On May 7, 2015, the California Supreme Court issued its long-awaited decision in In re Cipro Cases I & II, Case No. S198616 (May 7, 2015) (Cipro). Cipro holds that reverse payment settlements can be challenged under California’s Cartwright Act, thereby reviving class actions filed by California indirect purchasers. The California Supreme Court, however, went further, by delineating a structured rule of reason analysis to be used in evaluating the legality of reverse payment settlements, something the U.S. Supreme Court had left up to future lower courts to develop.
Cipro began more than a decade ago, stemming from a 1997 settlement of a patent infringement suit between Bayer AG and Bayer Corporation (the brand name patent holder) and Barr Laboratories, Inc. (the first-to-file generic) wherein Bayer agreed to pay $400 million in exchange for Barr’s agreement to postpone its generic entry until expiration of Bayer’s patent in 2003.
The California Supreme Court, like the U.S. Supreme Court, has now held that reverse payment settlements may be challenged under state antitrust laws, even if they limit competition no more than a valid patent would have. California’s highest court, again in step with the U.S. Supreme Court, rejected the scope of the patent test – whereby a settlement of a lawsuit to enforce a patent does not violate antitrust laws if the settlement restrains competition only within the scope of the patent – as according too much weight to patent law policies while giving short shrift to equally relevant antitrust ones.
The Court rejected defendants’ arguments that purported differences in Cipro from the earlier U.S. Supreme Court case warranted a different outcome. Those differences included that Cipro was private litigation, rather than a public prosecution brought by the Federal Trade Commission and that Cipro involved stronger patents reaffirmed by the Patent and Trademark Office. The Court also declined to rely on a 1953 state appellate decision, Fruit Machinery Co. v.
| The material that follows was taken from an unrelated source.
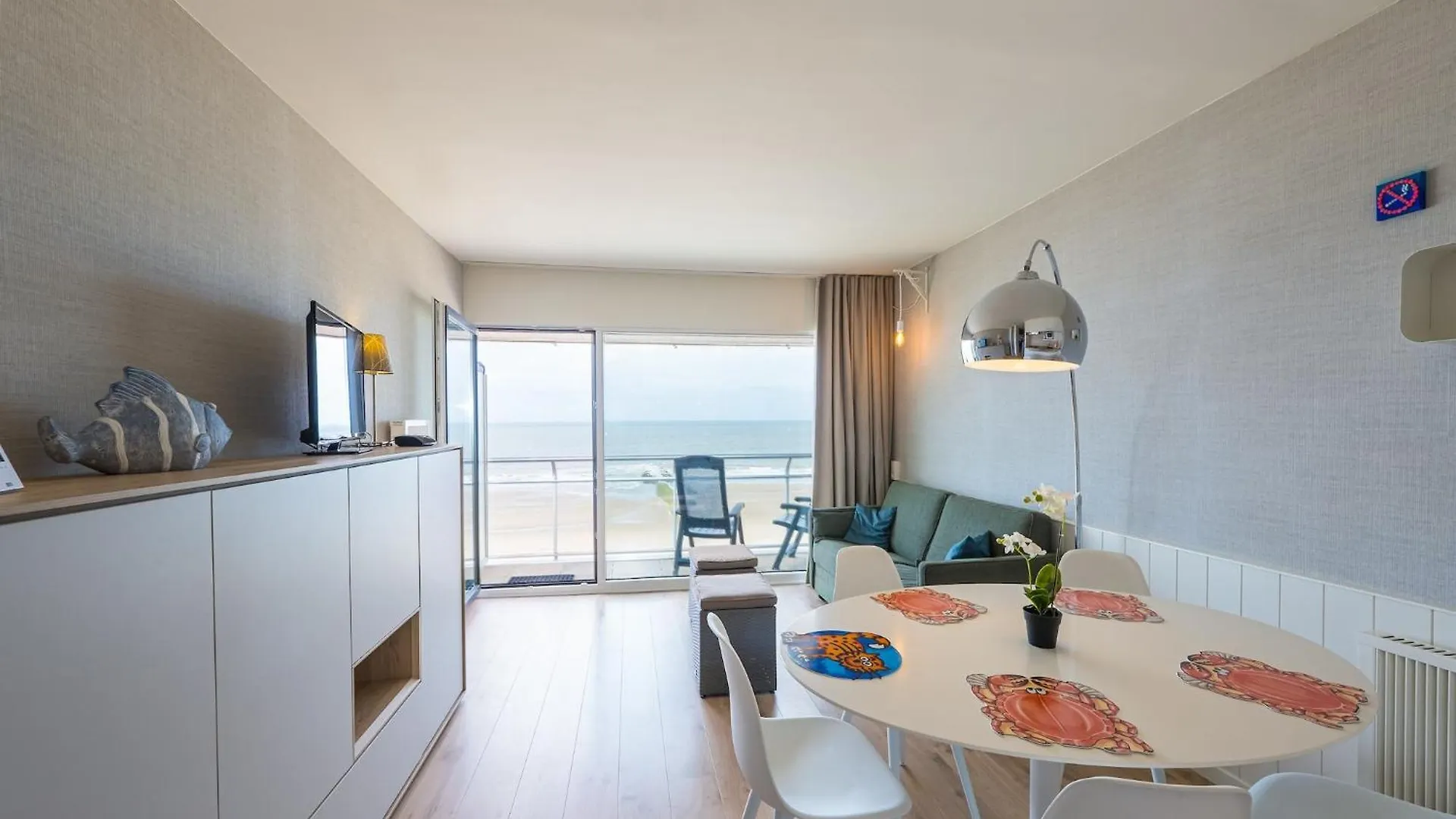 Studio On 6Th Floor For Family Middelkerke 0*,  Belgium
F.M. Ball & Co., 118 Cal.App.2d 748 (1953), as support for the scope of the patent test advocated by defendants.
The California Supreme Court next explained how the rule of reason analysis applicable to reverse payment settlements should be structured to most efficiently differentiate between reasonable and unreasonable restraints of trade.
Plaintiffs’ Prima Facie Case:
The Court delineated the following requirements for a plaintiff to mount a prima facie challenge against a reverse payment settlement:
- the settlement includes a limit on the settling generic’s entry into the market;
- the settlement includes reverse financial consideration, e., flowing from the brand to the generic; and
- that consideration exceeds the value of any associated goods and services, as well as the brand’s expected remaining litigation costs absent settlement.
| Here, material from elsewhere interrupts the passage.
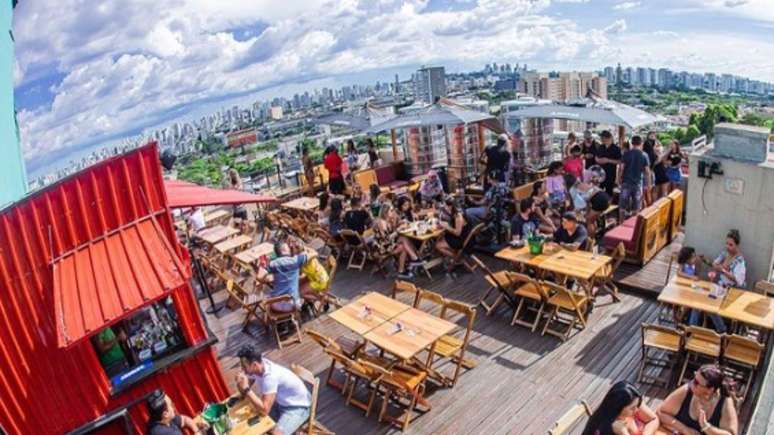 Rooftop do bar e restaurante Oh Freguês – Foto: Divulgação/Instagram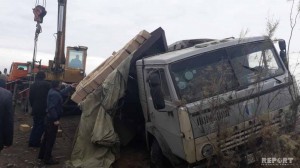 Ucarda ZİL"KamAZ"a çırpılıb, mişar daşları yola səpələnib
If a brand is willing to pay more than the costs of any collateral benefits and continued litigation to keep the generic out of the market, the Court explained, “there is cause to believe some portion of the consideration is payment for exclusion beyond the point that would have resulted, on average, from simply litigating the case to its conclusion.” And, the Court offered, the larger the excess payment, the stronger the anticompetitive inference one can draw.
Once a prima facie case has been made, the burden then shifts to the defendants to come forward with legitimate justifications and evidence that the challenged settlement is in fact procompetitive.
In evaluating any proffered justifications, the Court noted, the ultimate validity or invalidity of the patent need not be decided. The salient question, instead, is whether the settlement included a large, unjustified payment which infers a profit-sharing arrangement so as to avoid the risk of competition.
Plaintiff’s Ultimate Burden:
The burden finally shifts once again to the plaintiff to demonstrate that any proffered procompetitive justifications are unsupported. Once justifications have been disproven, the Court explained, it follows that the reverse payment must have included some consideration for the generic’s additional delay in entering the market and competing with the patentee. That delay, in turn, is what is actionable under the Cartwright Act, “and its purchase as part of a settlement agreement is an unlawful restraint of trade.”
 Cipro in this respect goes beyond the U.S. Supreme Court’s decision in Federal Trade Commission v. Actavis, Inc., 133 S.Ct. 2223 (2013).